(Captioned web images)
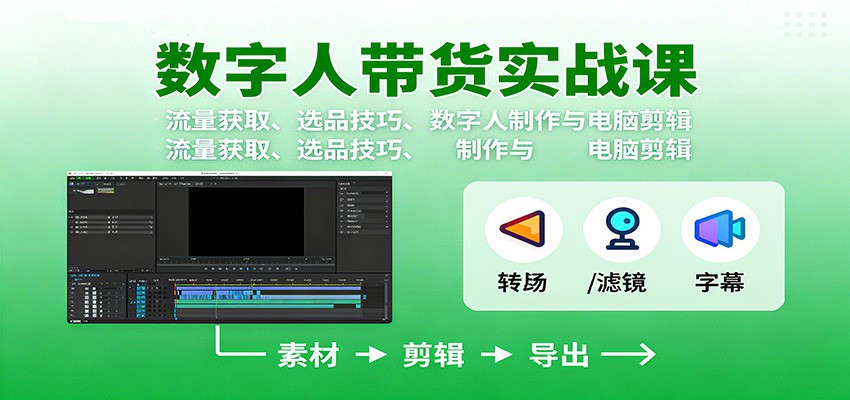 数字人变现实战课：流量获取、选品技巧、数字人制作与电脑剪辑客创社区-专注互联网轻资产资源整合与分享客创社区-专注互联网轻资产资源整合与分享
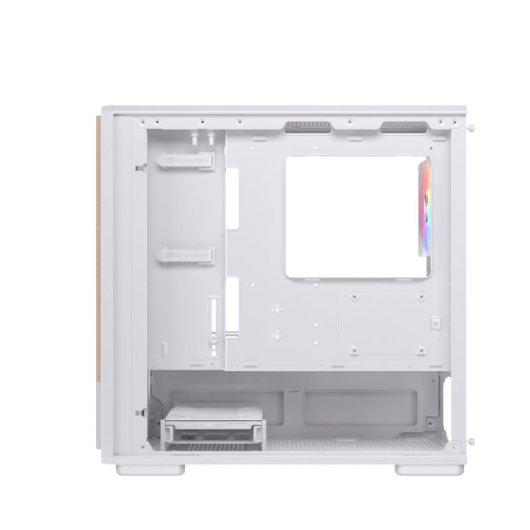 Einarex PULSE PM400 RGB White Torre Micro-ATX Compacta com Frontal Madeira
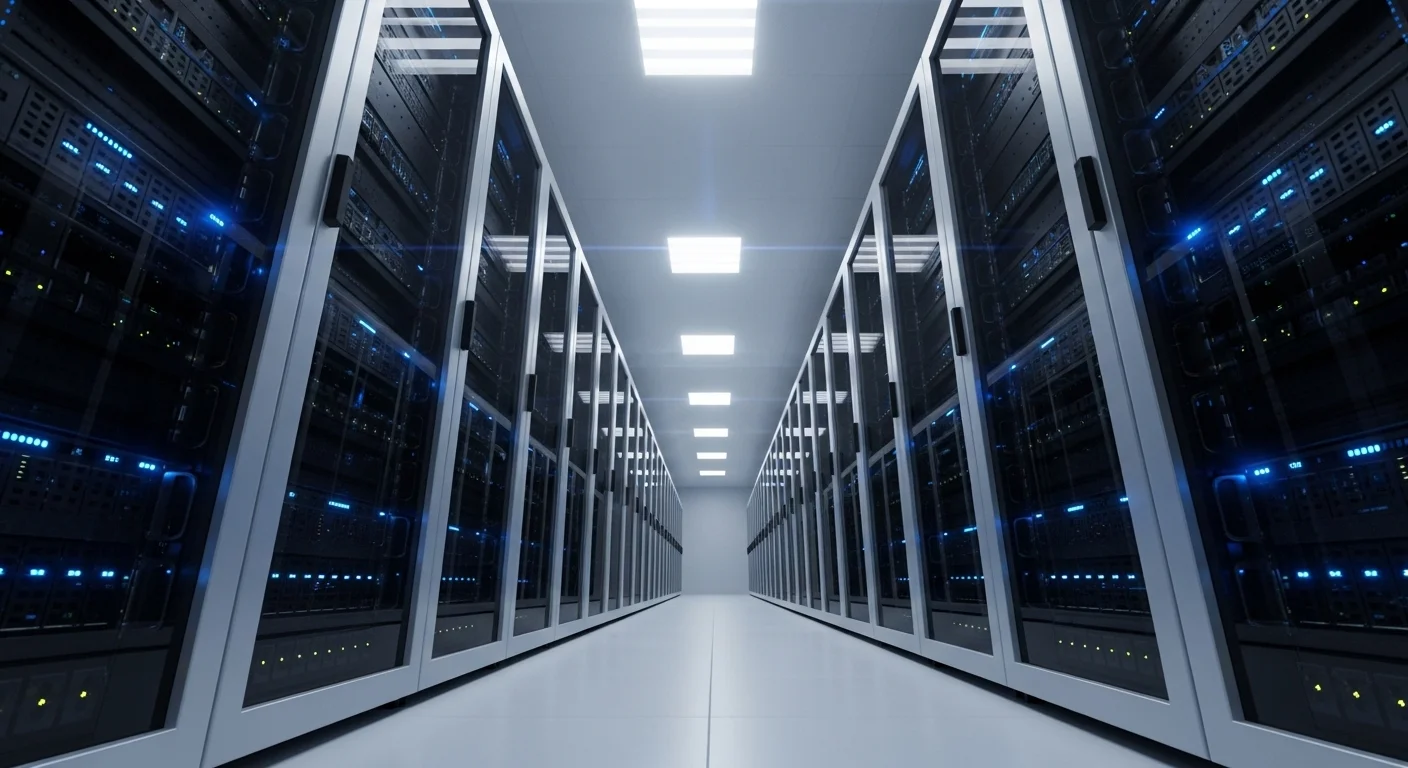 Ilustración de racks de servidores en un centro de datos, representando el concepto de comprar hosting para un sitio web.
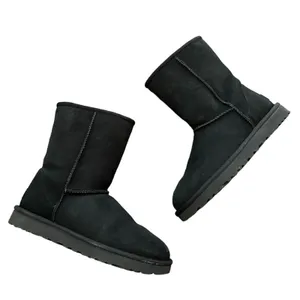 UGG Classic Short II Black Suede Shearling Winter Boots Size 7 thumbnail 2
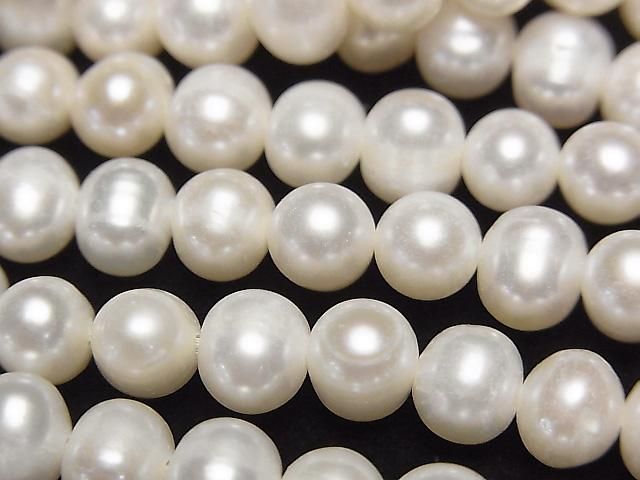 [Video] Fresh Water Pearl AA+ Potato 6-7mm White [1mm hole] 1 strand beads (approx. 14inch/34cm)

• How to complete this task: What the records say must be written out exactly, with none of their pictures.

• Answer box:
 数字人变现实战课：流量获取、选品技巧、数字人制作与电脑剪辑客创社区-专注互联网轻资产资源整合与分享客创社区-专注互联网轻资产资源整合与分享
 Einarex PULSE PM400 RGB White Torre Micro-ATX Compacta com Frontal Madeira
 Ilustración de racks de servidores en un centro de datos, representando el concepto de comprar hosting para un sitio web.
 UGG Classic Short II Black Suede Shearling Winter Boots Size 7 thumbnail 2
 [Video] Fresh Water Pearl AA+ Potato 6-7mm White [1mm hole] 1 strand beads (approx. 14inch/34cm)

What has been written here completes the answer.